Cluster information:

Kubernetes version: 1.30.9-gke.1127000
Cloud being used: Google Cloud
Installation method: Managed GKE cluster
Host OS: Container-Optimized OS from Google (Kernel 6.1.85+)
CNI and version: Google’s default solution
CRI and version: default containerd

We have an app that automatically sets up Kubernetes HPA to our customers.

We are now using metrics from Prometheus as targets to HPA. These metrics are exported from our Java applications using the JMX exporter.
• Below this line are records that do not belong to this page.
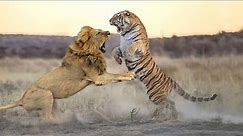 lion vs tiger how will be the winner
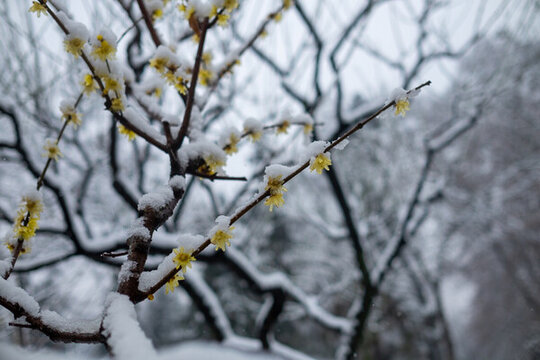 解放公園雪景梅花盛開
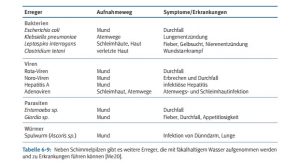 Grafik Erreger Erkrankungen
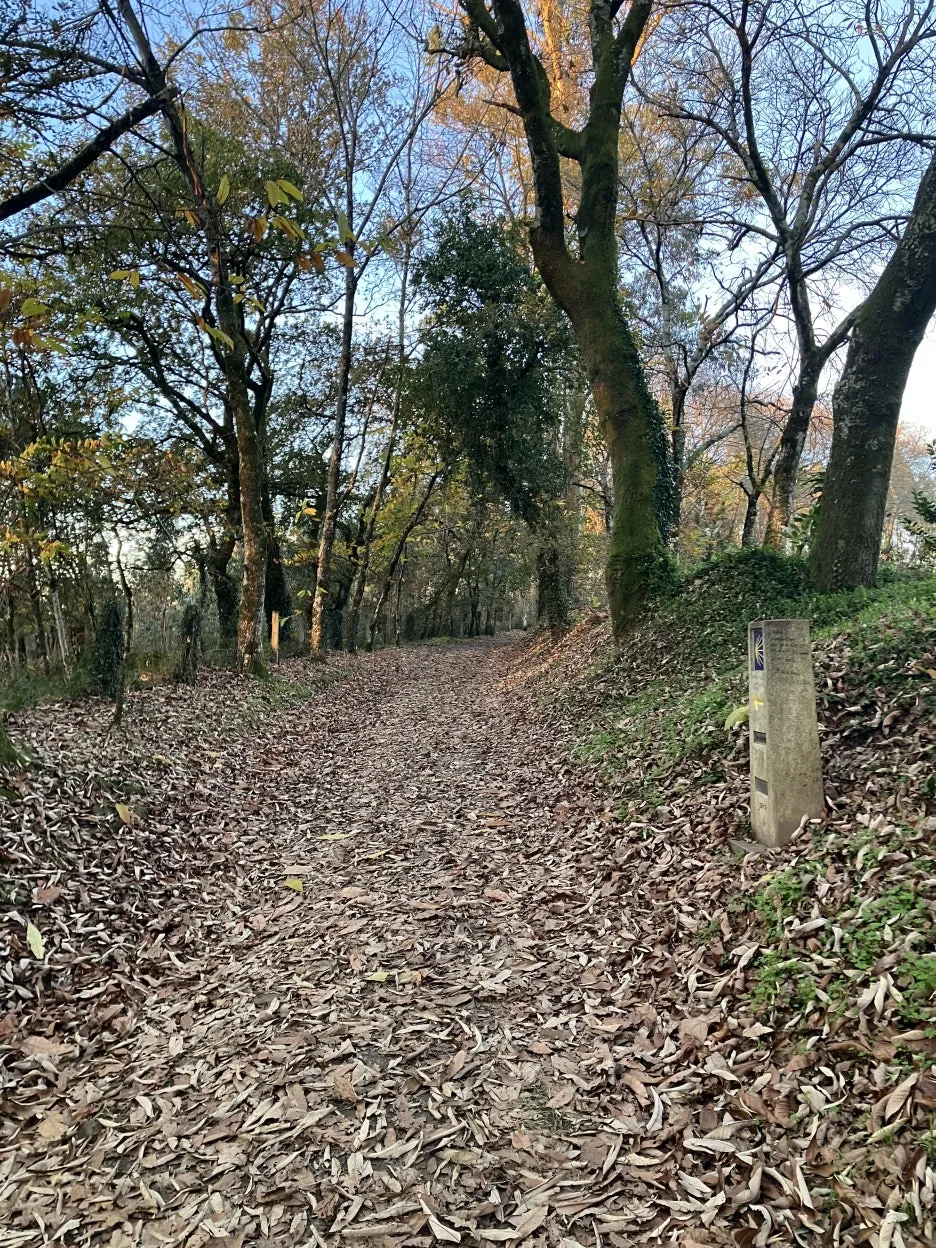 IMG_9532.jpg?type=w1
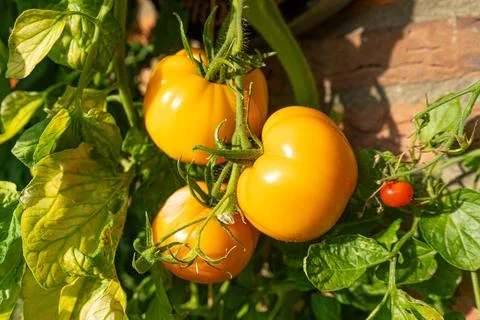 Growing Tomatoes. Multiple colored Tomatoes. Harvesting colorful Tomatoes. Stock Photos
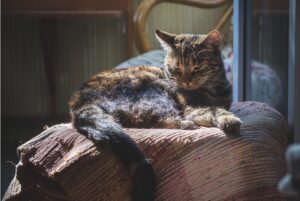8 foto di gatti abbastanza permalosi che non accettano le coccole dei proprietari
We mostly use JVM internal memory usage metrics, such as prometheus.googleapis.com/jvm_memory_used_bytes/gauge.

We’re experiencing undesired auto-scaling events triggered by the Horizontal Pod Autoscaler (HPA) when we update Deployments images.

The Problem

We believe this is what is happening:

Using the RollingUpdate deployment strategy, Kubernetes creates a new pod before terminating an old one. This temporarily increases currentReplicas, affecting the HPA formula:

desiredReplicas = ceil[currentReplicas * (currentMetricValue / desiredMetricValue)]
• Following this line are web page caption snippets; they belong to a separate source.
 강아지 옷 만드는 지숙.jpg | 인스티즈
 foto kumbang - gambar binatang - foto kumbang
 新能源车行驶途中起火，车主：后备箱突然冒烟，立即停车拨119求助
It takes some time to this new pod to export its own metrics, though. Thus, the rate currentMetricValue / desiredMetricValue stays the same, and now the desired number of replicas is increased.

Example

Suppose I have two pods that are serving well the current demand. I update the version of the image in their deployment, so it starts a new pod with the new image. In this case, the values for the formula will be:

  • currentReplicas = 3 (includes new pod)
  • currentMetricValue = 6430859672 (same as before, since no metrics of the new pod were imported into Prometheus yet)
  • desiredMetricValue = 9172000000

But I do not need a third pod for the current demand, thus resulting in an undesired desiredReplicas = 3.

Considered solutions

We tried or considered these solutions:

  • Switching to the Recreate strategy avoids this issue but we cannot afford the associated downtime.
  • The --horizontal-pod-autoscaler-initial-readiness-delay didn’t help, we understood from the Kubernetes documentation it only affects the CPU resource metrics collection.
  • We are thinking about automatically disable the auto-scaling during deployment, but it is a last resort since it is more complex.

Is there a way, maybe some option in the HorizontalPodAutoscaler object, to prevent it from happening?